15. The Game from Where I Stand by Doug Glanville

16. The Haunting of Hill House by Shirley Jackson

17. On Writing by Stephen King (re-read)

18. Wyrd Sisters by Terry Pratchett (re-read)

19. The Thirst Within by Johi Jenkins

20. Coroner’s Journal: Forensics and the Art of Stalking Death by Louis Cataldie MD

21. Christine by Stephen King

22. Frankenstein by Mary Shelley

23. Salem’s Lot by Stephen King

24. Coffee at Midnight by Brandon Ford

Looking back on the whole list, content-wise, I have to say I’m pretty proud of the fact that I read some “classics”. I never thought I’d ever even consider reading one after Honors English. Good job, self.

Good reading year, too.

Writing–Reading Goals Update

booksSince we’ve accomplished half of a year already, I figure it’s time to check in to see how I’m accomplishing my reading goals.

As you may or probably don’t remember, this year I laid down the gauntlet of reading 24 books in total, 2 books a month, only 4 could be re-reads. The object of these goals was to get me into the habit of reading steadily. I also hoped that I would continue reading widely, which was what my reading goals emphasized last year, even though I put no restrictions on what I could read.

So, according to this, six months should equal 12 books. Let’s check the math. Here are the books I’ve read so far:

1. The Badge by Jack Webb

2. The Wit and Wisdom of Mark Twain: A Book of Quotations edited by Alex Ayres

3. Jaws by Peter Benchley (re-read)

4. The Lust Lizard of Melancholy Cove by Christopher Moore

5. Mortuary Confidential: Undertakers Spill the Dirt by Kenneth McKenzie and Todd Harra

6. Don’t Look Back, We’re Not Going That Way by Marcia Wallace

7. Ron Santo: A Perfect Ten by Pat Hughes and Rich Wolfe

8. Horns by Joe Hill

9. Just Farr Fun by Jamie Farr

10. The Tale of Halcyon Crane by Wendy Webb

11. The Catcher in the Rye by JD Salinger

12. Master and Commander by Patrick O’Brian

Looks like I’m right on target. Decent mix of fiction and non-fiction. Even got some chick-lit and a classic in there. It hasn’t always been easy getting in my reading time every day and I admit to being lazy about it sometimes, but I’m meeting the challenge pretty well. Reading two books at once helps.

The best part about this is that I have a pile of books waiting to be read. I won’t need to be scrambling for something to read any time soon.

Writing–2013 Reading Goals Update…Again

Fiction Stacks

With a little less than three months to go, here’s where I’m at.

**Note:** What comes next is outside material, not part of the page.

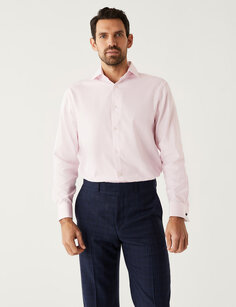 Рубашка обычного кроя из чистого хлопка с узором «в ёлочку» Marks &amp; Spencer, бледно-розовый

Of my goal of 24 books, I’ve read 20. Yay!

Since July, I’ve read one more non-fiction book which brings my total to five.

Since July, I’ve read five more fiction books which brings my total to twelve.

The non-fiction book wasn’t a re-read (yay!)

Of the five fiction books, I’d count four of them as being outside of my usual genre.

So, if you add this all up, carry the one, subtract the one non-fiction re-read…then I need to read six more non-fiction books and two more fiction books. And since I’ve been so good at reading outside my genre, the last two books can be horror if I want them to be, which is good because I just got Stephen King’s Dr. Sleep.

I’ve made up quite a bit of ground after my first six months of fail, but I’m still really lacking in my non-fiction reads. This is kind of frustrating considering how much non-fiction I used to read. You’d think it be easy for me to find a few books on various subjects to read about and yet…no. I’m really struggling in this department for some reason. It’s become an effort to get over it

So I need to read a total of eight books before the end of the year and most of them need to be non-fiction.

I’m sure I can do that.

Maybe.

Ugh. When did reading get so hard for me?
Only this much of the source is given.